= Problem description =
Every entry must be echoed exactly.

= Supplied material =
--

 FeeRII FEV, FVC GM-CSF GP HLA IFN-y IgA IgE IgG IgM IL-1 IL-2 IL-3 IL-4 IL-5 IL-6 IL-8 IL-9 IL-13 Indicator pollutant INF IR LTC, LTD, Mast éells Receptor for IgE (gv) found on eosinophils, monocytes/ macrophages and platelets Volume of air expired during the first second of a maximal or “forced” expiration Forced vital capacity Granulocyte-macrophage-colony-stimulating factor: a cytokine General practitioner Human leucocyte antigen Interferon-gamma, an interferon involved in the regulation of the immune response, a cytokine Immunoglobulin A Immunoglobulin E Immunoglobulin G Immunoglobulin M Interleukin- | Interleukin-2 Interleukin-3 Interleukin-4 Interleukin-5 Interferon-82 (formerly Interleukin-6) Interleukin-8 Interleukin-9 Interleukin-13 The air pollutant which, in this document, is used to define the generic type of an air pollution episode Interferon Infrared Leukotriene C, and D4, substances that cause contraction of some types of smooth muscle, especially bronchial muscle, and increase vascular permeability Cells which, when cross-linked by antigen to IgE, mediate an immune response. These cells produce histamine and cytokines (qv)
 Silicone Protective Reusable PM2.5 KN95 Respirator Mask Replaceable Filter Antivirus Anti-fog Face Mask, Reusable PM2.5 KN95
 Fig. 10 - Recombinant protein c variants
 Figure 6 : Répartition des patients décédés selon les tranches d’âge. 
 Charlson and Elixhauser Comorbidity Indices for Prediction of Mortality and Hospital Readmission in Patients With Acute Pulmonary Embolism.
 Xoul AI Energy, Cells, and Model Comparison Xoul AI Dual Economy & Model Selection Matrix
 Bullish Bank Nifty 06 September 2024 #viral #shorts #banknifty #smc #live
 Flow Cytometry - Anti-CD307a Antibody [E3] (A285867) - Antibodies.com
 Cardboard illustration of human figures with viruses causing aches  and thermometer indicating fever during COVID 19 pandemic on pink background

--

= Reply to the task =
 FeeRII FEV, FVC GM-CSF GP HLA IFN-y IgA IgE IgG IgM IL-1 IL-2 IL-3 IL-4 IL-5 IL-6 IL-8 IL-9 IL-13 Indicator pollutant INF IR LTC, LTD, Mast éells Receptor for IgE (gv) found on eosinophils, monocytes/ macrophages and platelets Volume of air expired during the first second of a maximal or “forced” expiration Forced vital capacity Granulocyte-macrophage-colony-stimulating factor: a cytokine General practitioner Human leucocyte antigen Interferon-gamma, an interferon involved in the regulation of the immune response, a cytokine Immunoglobulin A Immunoglobulin E Immunoglobulin G Immunoglobulin M Interleukin- | Interleukin-2 Interleukin-3 Interleukin-4 Interleukin-5 Interferon-82 (formerly Interleukin-6) Interleukin-8 Interleukin-9 Interleukin-13 The air pollutant which, in this document, is used to define the generic type of an air pollution episode Interferon Infrared Leukotriene C, and D4, substances that cause contraction of some types of smooth muscle, especially bronchial muscle, and increase vascular permeability Cells which, when cross-linked by antigen to IgE, mediate an immune response. These cells produce histamine and cytokines (qv)
 Silicone Protective Reusable PM2.5 KN95 Respirator Mask Replaceable Filter Antivirus Anti-fog Face Mask, Reusable PM2.5 KN95
 Fig. 10 - Recombinant protein c variants
 Figure 6 : Répartition des patients décédés selon les tranches d’âge. 
 Charlson and Elixhauser Comorbidity Indices for Prediction of Mortality and Hospital Readmission in Patients With Acute Pulmonary Embolism.
 Xoul AI Energy, Cells, and Model Comparison Xoul AI Dual Economy & Model Selection Matrix
 Bullish Bank Nifty 06 September 2024 #viral #shorts #banknifty #smc #live
 Flow Cytometry - Anti-CD307a Antibody [E3] (A285867) - Antibodies.com
 Cardboard illustration of human figures with viruses causing aches  and thermometer indicating fever during COVID 19 pandemic on pink background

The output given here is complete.